◆ What you are asked to do
Restate word for word the line containing "국내산홍어 택배 목포대한수산 홍어삼합 만들기" and every following line in the material below, up to and including the last one.

┄┄┄┄┄┄

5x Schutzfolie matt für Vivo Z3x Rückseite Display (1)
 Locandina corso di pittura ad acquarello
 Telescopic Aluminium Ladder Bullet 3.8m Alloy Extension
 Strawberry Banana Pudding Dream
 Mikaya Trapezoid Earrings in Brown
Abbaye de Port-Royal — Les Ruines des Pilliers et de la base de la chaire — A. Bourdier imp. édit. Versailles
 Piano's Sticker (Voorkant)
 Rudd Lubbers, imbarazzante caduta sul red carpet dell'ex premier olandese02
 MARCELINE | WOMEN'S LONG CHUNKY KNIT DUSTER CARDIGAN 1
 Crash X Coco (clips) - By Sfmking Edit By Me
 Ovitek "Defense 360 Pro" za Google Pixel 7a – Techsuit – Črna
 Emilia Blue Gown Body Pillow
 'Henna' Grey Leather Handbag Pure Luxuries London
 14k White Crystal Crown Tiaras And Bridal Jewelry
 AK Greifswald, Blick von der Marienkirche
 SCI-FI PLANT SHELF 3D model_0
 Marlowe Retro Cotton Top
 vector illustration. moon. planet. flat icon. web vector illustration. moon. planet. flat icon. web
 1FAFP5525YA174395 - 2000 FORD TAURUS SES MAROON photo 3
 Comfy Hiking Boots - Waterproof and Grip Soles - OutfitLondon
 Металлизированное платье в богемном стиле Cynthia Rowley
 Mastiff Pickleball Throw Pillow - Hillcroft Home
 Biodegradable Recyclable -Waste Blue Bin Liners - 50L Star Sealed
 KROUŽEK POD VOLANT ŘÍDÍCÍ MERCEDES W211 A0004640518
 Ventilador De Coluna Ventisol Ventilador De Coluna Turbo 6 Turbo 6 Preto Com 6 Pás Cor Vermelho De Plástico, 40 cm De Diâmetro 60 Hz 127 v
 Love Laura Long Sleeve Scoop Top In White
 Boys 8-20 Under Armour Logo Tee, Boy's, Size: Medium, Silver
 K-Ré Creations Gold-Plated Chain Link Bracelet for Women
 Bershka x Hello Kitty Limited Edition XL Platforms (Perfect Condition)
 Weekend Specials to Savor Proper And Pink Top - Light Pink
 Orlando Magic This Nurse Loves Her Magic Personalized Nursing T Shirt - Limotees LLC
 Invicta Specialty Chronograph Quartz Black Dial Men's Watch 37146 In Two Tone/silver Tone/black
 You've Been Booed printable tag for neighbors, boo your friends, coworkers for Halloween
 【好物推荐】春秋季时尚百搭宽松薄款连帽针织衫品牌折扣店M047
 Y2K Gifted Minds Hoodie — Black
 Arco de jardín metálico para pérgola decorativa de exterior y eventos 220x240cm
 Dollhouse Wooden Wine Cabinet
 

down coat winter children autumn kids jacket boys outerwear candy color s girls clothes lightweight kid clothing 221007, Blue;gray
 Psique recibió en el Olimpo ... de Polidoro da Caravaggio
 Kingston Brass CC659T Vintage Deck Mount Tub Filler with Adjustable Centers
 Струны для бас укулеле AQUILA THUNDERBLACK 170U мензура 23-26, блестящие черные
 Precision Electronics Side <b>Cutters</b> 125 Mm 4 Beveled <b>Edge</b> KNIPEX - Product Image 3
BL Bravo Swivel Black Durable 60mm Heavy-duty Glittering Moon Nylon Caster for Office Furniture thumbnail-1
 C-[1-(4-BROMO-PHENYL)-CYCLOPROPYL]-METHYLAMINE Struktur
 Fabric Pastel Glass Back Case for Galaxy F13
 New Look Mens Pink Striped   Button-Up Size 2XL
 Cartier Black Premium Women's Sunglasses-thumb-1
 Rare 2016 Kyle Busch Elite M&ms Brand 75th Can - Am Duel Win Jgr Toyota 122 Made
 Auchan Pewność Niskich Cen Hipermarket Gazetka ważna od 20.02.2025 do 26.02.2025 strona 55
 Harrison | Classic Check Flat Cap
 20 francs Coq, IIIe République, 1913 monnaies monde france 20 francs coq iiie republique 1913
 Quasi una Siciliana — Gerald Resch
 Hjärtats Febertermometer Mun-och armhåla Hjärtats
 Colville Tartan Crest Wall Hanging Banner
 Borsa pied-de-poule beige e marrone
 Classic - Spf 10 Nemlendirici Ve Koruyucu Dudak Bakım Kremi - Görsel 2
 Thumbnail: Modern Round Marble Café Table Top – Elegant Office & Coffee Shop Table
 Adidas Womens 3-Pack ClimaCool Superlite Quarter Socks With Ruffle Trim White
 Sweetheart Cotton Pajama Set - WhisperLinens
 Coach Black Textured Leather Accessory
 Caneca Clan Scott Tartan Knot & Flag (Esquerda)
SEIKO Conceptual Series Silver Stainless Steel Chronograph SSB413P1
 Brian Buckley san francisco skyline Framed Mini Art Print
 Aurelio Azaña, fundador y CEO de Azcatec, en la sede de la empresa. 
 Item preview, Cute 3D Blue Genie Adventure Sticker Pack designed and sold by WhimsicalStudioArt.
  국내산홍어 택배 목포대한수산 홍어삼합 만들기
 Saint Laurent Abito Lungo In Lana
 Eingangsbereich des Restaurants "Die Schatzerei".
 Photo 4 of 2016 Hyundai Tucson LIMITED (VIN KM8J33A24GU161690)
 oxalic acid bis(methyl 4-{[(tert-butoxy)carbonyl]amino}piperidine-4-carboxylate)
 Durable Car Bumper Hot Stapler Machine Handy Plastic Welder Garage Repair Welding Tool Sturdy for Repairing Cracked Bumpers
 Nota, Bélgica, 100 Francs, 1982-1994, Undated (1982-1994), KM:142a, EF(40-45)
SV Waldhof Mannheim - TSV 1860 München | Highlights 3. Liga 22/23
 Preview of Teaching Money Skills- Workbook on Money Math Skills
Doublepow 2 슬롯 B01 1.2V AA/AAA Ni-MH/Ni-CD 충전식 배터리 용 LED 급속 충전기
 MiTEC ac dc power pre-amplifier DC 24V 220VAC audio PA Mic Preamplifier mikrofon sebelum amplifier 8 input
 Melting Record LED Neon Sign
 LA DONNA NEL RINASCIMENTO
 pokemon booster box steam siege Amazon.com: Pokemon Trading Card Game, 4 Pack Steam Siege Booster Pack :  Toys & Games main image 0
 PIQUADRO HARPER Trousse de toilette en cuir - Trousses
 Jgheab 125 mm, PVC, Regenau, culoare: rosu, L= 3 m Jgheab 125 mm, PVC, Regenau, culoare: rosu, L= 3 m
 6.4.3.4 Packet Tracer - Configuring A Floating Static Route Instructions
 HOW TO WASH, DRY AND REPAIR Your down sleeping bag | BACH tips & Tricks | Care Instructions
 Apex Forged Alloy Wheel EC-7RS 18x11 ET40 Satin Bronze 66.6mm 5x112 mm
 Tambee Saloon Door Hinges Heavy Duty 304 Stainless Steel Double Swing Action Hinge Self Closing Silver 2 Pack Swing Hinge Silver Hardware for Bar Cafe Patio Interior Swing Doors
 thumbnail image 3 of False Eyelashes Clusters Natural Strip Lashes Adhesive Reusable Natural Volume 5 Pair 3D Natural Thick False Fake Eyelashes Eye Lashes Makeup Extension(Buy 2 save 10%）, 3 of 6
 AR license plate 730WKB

┄┄┄┄┄┄

◆ Response to the exercise
  국내산홍어 택배 목포대한수산 홍어삼합 만들기
 Saint Laurent Abito Lungo In Lana
 Eingangsbereich des Restaurants "Die Schatzerei".
 Photo 4 of 2016 Hyundai Tucson LIMITED (VIN KM8J33A24GU161690)
 oxalic acid bis(methyl 4-{[(tert-butoxy)carbonyl]amino}piperidine-4-carboxylate)
 Durable Car Bumper Hot Stapler Machine Handy Plastic Welder Garage Repair Welding Tool Sturdy for Repairing Cracked Bumpers
 Nota, Bélgica, 100 Francs, 1982-1994, Undated (1982-1994), KM:142a, EF(40-45)
SV Waldhof Mannheim - TSV 1860 München | Highlights 3. Liga 22/23
 Preview of Teaching Money Skills- Workbook on Money Math Skills
Doublepow 2 슬롯 B01 1.2V AA/AAA Ni-MH/Ni-CD 충전식 배터리 용 LED 급속 충전기
 MiTEC ac dc power pre-amplifier DC 24V 220VAC audio PA Mic Preamplifier mikrofon sebelum amplifier 8 input
 Melting Record LED Neon Sign
 LA DONNA NEL RINASCIMENTO
 pokemon booster box steam siege Amazon.com: Pokemon Trading Card Game, 4 Pack Steam Siege Booster Pack :  Toys & Games main image 0
 PIQUADRO HARPER Trousse de toilette en cuir - Trousses
 Jgheab 125 mm, PVC, Regenau, culoare: rosu, L= 3 m Jgheab 125 mm, PVC, Regenau, culoare: rosu, L= 3 m
 6.4.3.4 Packet Tracer - Configuring A Floating Static Route Instructions
 HOW TO WASH, DRY AND REPAIR Your down sleeping bag | BACH tips & Tricks | Care Instructions
 Apex Forged Alloy Wheel EC-7RS 18x11 ET40 Satin Bronze 66.6mm 5x112 mm
 Tambee Saloon Door Hinges Heavy Duty 304 Stainless Steel Double Swing Action Hinge Self Closing Silver 2 Pack Swing Hinge Silver Hardware for Bar Cafe Patio Interior Swing Doors
 thumbnail image 3 of False Eyelashes Clusters Natural Strip Lashes Adhesive Reusable Natural Volume 5 Pair 3D Natural Thick False Fake Eyelashes Eye Lashes Makeup Extension(Buy 2 save 10%）, 3 of 6
 AR license plate 730WKB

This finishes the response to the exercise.